Friday, September 6, 2013

Supporting al-Qaeda a Week Before 9/11 (Yeah, those Syrian Rebels? Al-Qaeda.)

We Will Never Forget?
by KEN KLIPPENSTEIN


In a twist of irony that has escaped mainstream commentators, one week away from 9/11, the US is considering a course of action that will empower al-Qaeda; i.e., bombing Syria. As terror expert Evan Kohlmann put it, “two of the most powerful insurgent factions in Syria are al-Qaeda factions.” (Kohlmann is an authority on the topic, having worked as a consultant in terrorism matters for the DoD, DOJ, FBI, and other law enforcement agencies.) These rebel factions will be the immediate beneficiaries of a strike against the Assad regime.

This wouldn’t be the first time that the intelligence community expected a US military operation to increase the likelihood of terror attacks against the US. As a letter from CIA Director George Tenet to the Senate Intelligence Committee chair revealed, it was anticipated that Bush’s invasion of Iraq would lead Saddam Hussein to be “much less constrained in adopting terrorist actions”; moreover, the invasion of Iraq was expected to raise the threat of attack by WMD from “low” to “pretty high”. And the intelligent experts were correct. Earlier this year, Dzhokhar Tsarnaev told the FBI that he and his brother carried out the Boston Marathon bombing because they “were angry about the U.S. wars in Afghanistan and Iraq”.

We can only hope the intelligence experts like Evan Kohlmann won’t be correct this time around.

If we had an authentic democracy—rule by the people—an attack wouldn’t happen, because strong majorities oppose intervening in Syria. Polls conducted by Reuters almost daily between May 31st and September 3rd indicate without exception that a strong majority of Americans are opposed to intervening in Syria—even if Syria used chemical weapons. Similarly, a poll conducted by the BBC shows that, in the UK, “71% of people thought Parliament made the right decision” to reject military action against Syria. Two thirds of respondents said they wouldn’t care if Parliament’s decision harmed UK-US relations.
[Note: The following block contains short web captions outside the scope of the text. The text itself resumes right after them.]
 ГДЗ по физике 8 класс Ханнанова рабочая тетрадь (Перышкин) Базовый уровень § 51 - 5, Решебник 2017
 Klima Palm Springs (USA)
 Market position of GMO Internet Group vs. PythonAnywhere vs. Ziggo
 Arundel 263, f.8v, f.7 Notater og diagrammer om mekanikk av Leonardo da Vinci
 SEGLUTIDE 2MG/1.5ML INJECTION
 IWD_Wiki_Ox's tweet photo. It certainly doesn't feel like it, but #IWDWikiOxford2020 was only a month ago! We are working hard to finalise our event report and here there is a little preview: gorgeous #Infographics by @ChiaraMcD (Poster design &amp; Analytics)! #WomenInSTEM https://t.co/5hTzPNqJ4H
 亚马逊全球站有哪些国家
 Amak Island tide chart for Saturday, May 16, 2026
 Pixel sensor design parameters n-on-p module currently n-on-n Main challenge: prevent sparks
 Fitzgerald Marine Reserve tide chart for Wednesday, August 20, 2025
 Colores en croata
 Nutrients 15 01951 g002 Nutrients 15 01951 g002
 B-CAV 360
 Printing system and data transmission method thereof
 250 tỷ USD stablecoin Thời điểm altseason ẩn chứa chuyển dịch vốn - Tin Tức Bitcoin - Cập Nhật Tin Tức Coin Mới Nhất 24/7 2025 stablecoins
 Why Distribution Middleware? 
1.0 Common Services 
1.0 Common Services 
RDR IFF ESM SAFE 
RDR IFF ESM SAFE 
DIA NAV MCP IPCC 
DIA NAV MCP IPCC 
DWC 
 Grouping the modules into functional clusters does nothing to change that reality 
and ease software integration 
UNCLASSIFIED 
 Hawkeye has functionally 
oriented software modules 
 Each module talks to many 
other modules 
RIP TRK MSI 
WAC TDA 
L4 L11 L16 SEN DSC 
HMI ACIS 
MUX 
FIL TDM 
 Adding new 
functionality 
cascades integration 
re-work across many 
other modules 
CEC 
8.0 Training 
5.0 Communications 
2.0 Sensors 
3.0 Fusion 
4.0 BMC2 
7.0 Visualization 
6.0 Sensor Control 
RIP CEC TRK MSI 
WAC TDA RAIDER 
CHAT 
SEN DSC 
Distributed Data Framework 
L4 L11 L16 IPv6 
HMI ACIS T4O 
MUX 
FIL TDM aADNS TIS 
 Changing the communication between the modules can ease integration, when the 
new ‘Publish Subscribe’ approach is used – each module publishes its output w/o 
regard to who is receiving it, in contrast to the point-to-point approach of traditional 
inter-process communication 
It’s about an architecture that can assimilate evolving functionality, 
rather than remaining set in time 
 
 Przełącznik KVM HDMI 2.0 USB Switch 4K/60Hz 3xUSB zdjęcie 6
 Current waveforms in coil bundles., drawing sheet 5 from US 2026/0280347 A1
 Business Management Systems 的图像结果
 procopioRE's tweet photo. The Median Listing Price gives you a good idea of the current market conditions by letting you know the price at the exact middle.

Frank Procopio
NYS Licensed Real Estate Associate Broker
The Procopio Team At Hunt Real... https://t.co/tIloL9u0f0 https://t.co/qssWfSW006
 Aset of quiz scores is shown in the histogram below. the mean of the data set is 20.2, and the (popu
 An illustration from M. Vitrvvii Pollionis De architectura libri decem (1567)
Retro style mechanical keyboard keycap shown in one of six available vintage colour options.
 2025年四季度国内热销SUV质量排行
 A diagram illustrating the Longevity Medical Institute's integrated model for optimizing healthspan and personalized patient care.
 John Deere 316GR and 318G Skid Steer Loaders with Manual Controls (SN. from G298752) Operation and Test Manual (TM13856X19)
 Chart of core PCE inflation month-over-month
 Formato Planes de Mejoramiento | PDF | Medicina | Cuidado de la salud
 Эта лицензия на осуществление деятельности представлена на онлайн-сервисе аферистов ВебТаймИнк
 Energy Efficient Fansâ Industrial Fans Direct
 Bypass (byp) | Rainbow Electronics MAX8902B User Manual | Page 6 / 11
Another poll shows that a stunning 80% of Americans believe that Obama should seek congressional approval for a strike on Syria. The Obama administration has interpreted this rather narrowly, having scheduled a congressional vote, but still insisting that Obama “has the right to [attack Syria] no matter what Congress does”, as Secretary of State John Kerry remarked. Obama said the same thing, albeit somewhat more tactfully: “I believe I have the authority to carry out this military action without specific congressional authorization”.

The polls pertaining to the prospective strike on Syria differ significantly from those regarding the US and UK support for the Iraq War. Back in 2003, a series of polls found that a majority of Britons supported the invasion of Iraq; Americans at the time supported the invasions by even larger majorities.

Simply put, there’s less support for a strike on Syria than there was for the invasion of Iraq—and we know how well the Iraq War turned out.

Yet public opinion and the threat of provoking terror attacks are not persuasive to the unfathomable wisdom of the Obama administration. As John Kerry said, a strike on Syria “is of great consequence to…all of us who care about enforcing the international norm with respect to chemical weapons.” Apparently Kerry is more concerned with international norms than international law, since attacking Syria without a U.N. Security Council resolution would violate the latter. In Obama’s words, the Security Council is “paralyzed”—which, by definition, means it won’t do what he tells it to do.

Matthew Waxman, writing for the Council on Foreign Relations—hardly a radical outfit—observes that, “despite treaties outlawing chemical weapons use, there is no precedent for using military intervention as a response to violations.”

To be fair to the Obama administration, we should listen to what US leaders have to say about chemical weapons; they’re experts on the matter. In Iraq alone, they used white phosphorous and depleted uranium munitions, which coincided with an explosion of birth defects throughout Iraq that “surpassed those of Hiroshima and Nagasaki after the nuclear attacks at the end of WWII”.